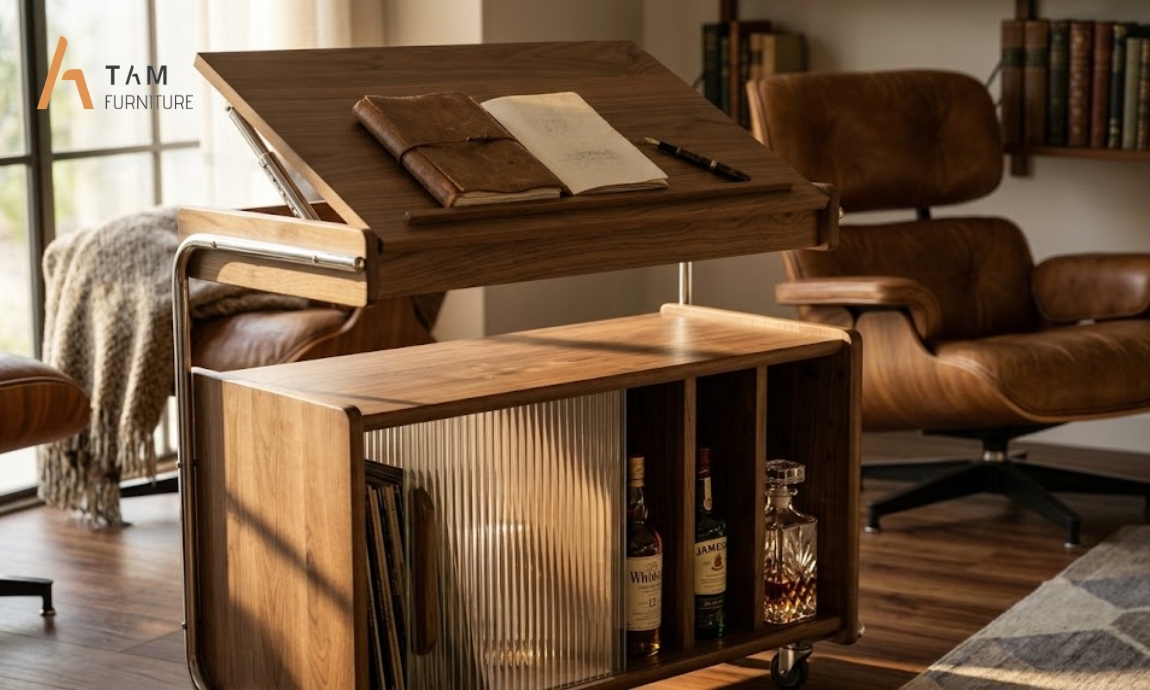 Nghệ thuật chế tác tủ Tab sofa di động gỗ tần bì Vigo cao cấp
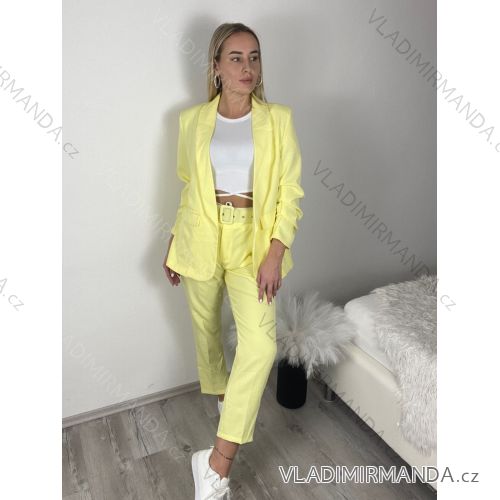 Komplet sako dlhý rukáv a kalhoty s páskem dámsky (S/M/L ONE SIZE) TALIANSKÁ MÓDA IMWCA261167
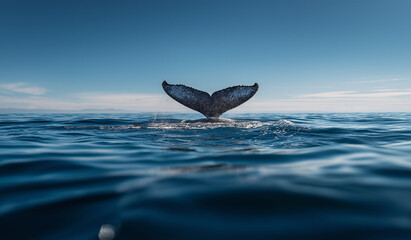 Blue whale tail in the ocean, marine life photography, whale,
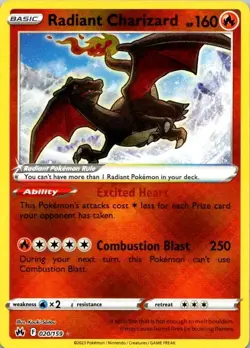 Pokemon TCG Radiant Charizard 020/159 Crown Zenith Holo NM (SKU 1-4) - Image 1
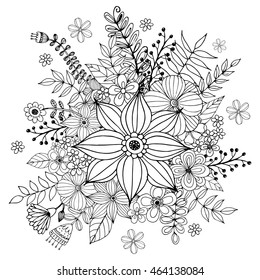 Flower doodle drawing freehand vector, Coloring page with doodle flowers vector, bouquet, Zentangle Style.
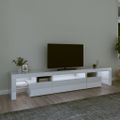 vidaXL TV skrinka s LED svetlami lesklá biela 215x36,5x40 cm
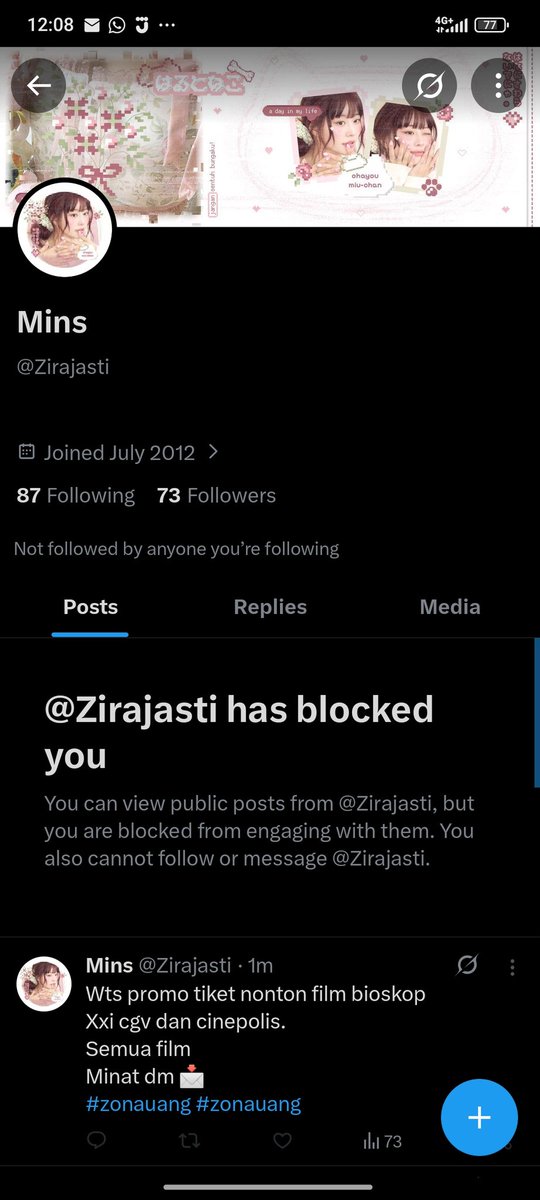 phiandtoo's tweet image. PENIPU JUAL TIKET PROMO BIOSKOP @/Zirajasti #zonauang #zonajajan️️ Wts Promo tiket Xxl cgv cinepolis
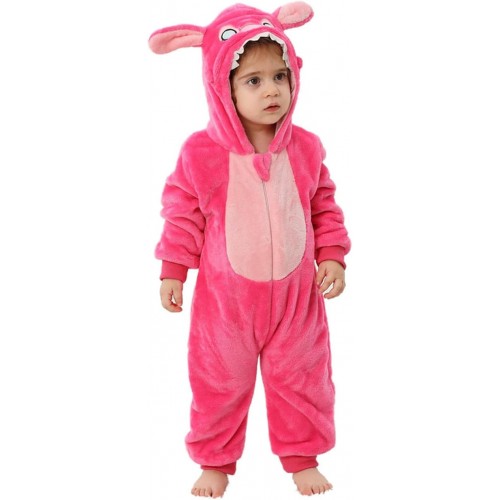 Ολόσωμη βρεφική φόρμα σκυλάκι stitch ροζ 15166 Αποκριάτικα 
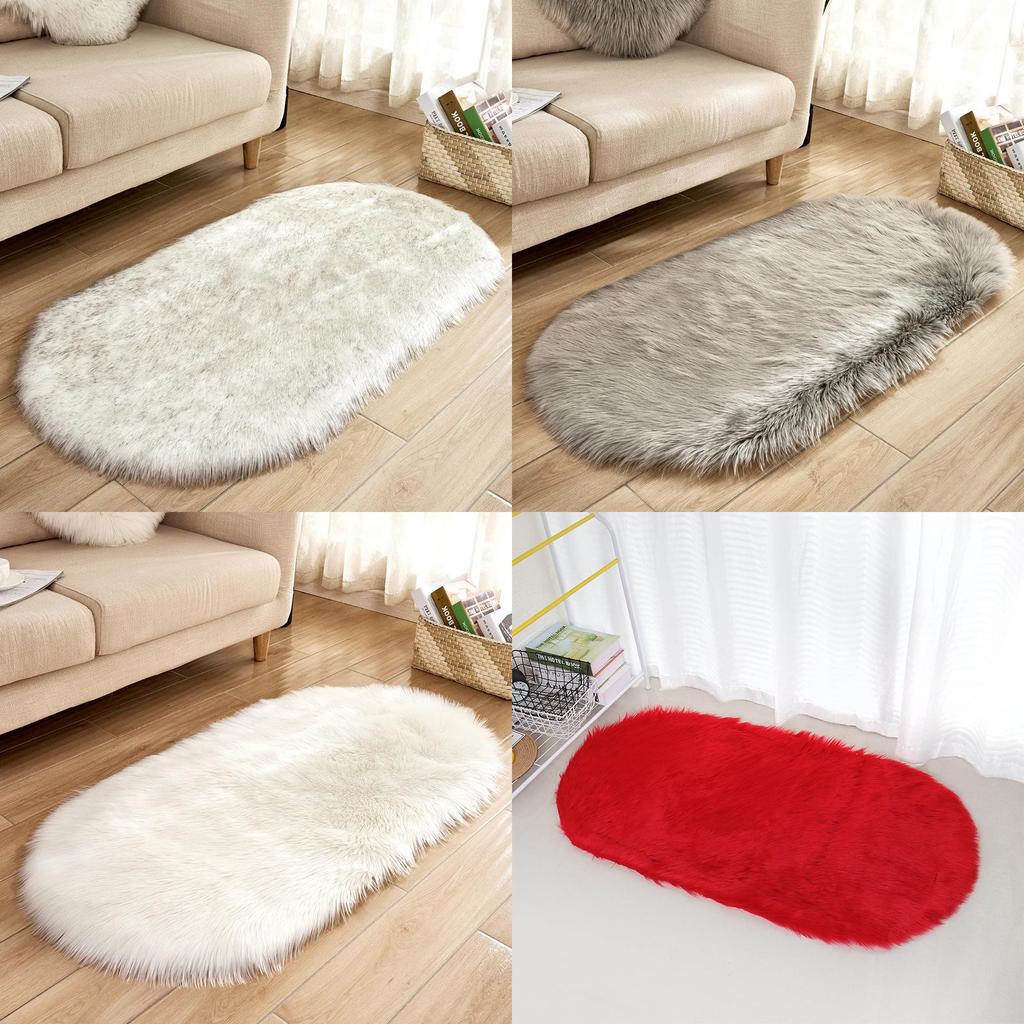 Modern Minimalist Artificial Wool Oval Rug For Living Room Bedroom Floor Decor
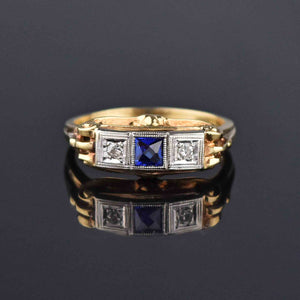 Art Deco 14K Gold Diamond Sapphire Ring - Boylerpf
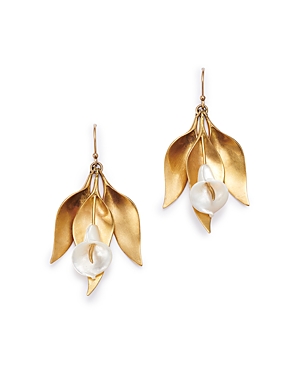Annette Ferdinandsen Design 14k Yellow Gold Mother Of Pearl Cala Lily Drop Earrings In White/gold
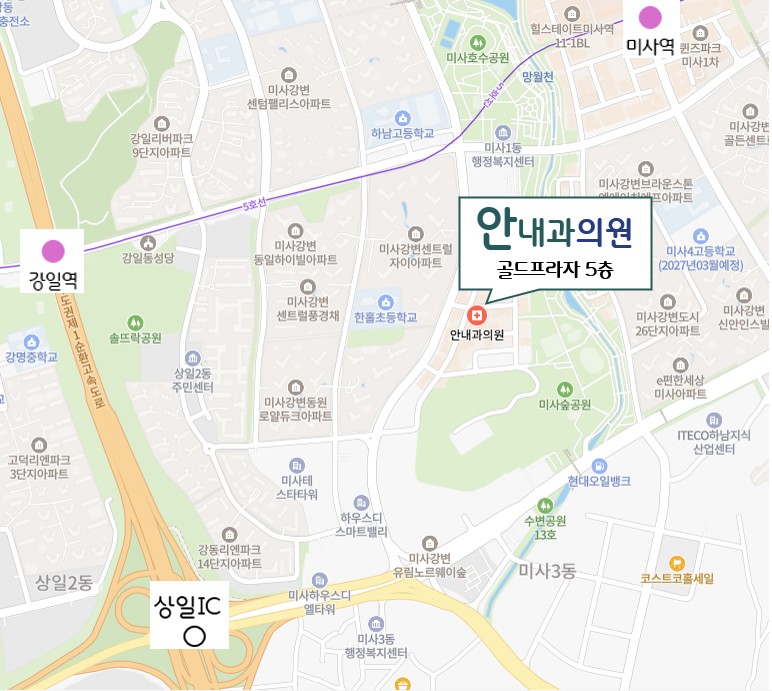 안내과의원 지도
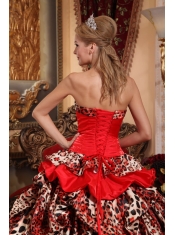 2013 Red Ball Gown Taffeta and Leopard Pick-ups Strapless Quinceanera Dress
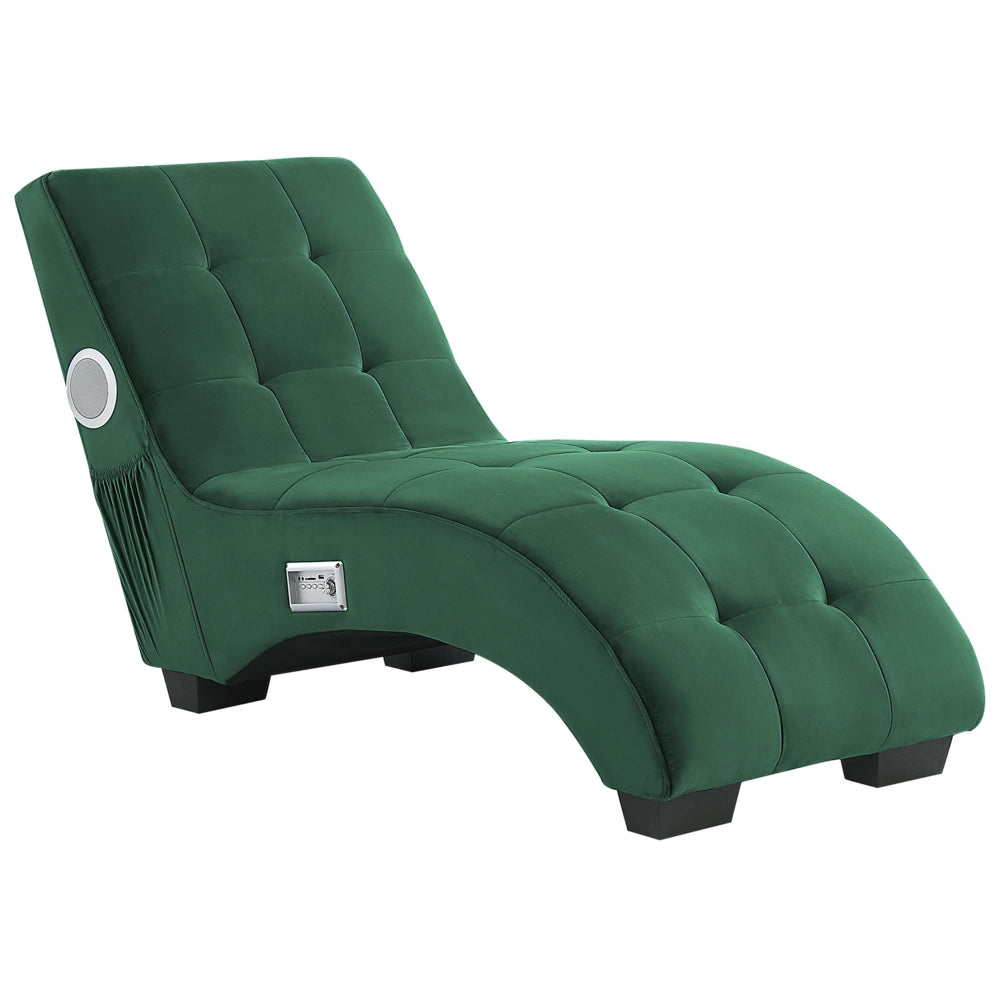 Chaise longue Velluto verde smeraldo Altoparlante Bluetooth integrato Caricabatterie USB Design moderno Divano curvo per 1 persona Soggiorno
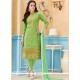 Glossy Embroidered Work Green Cotton Churidar Suit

§ **TASK**
Take the lines from the start of the entries through the line containing "Pokemon TCG Radiant" and set them down exactly, leaving out every picture.

§ **EXERCISE ANSWER**
 Nghệ thuật chế tác tủ Tab sofa di động gỗ tần bì Vigo cao cấp
 Komplet sako dlhý rukáv a kalhoty s páskem dámsky (S/M/L ONE SIZE) TALIANSKÁ MÓDA IMWCA261167
 Blue whale tail in the ocean, marine life photography, whale,
 Pokemon TCG Radiant Charizard 020/159 Crown Zenith Holo NM (SKU 1-4) - Image 1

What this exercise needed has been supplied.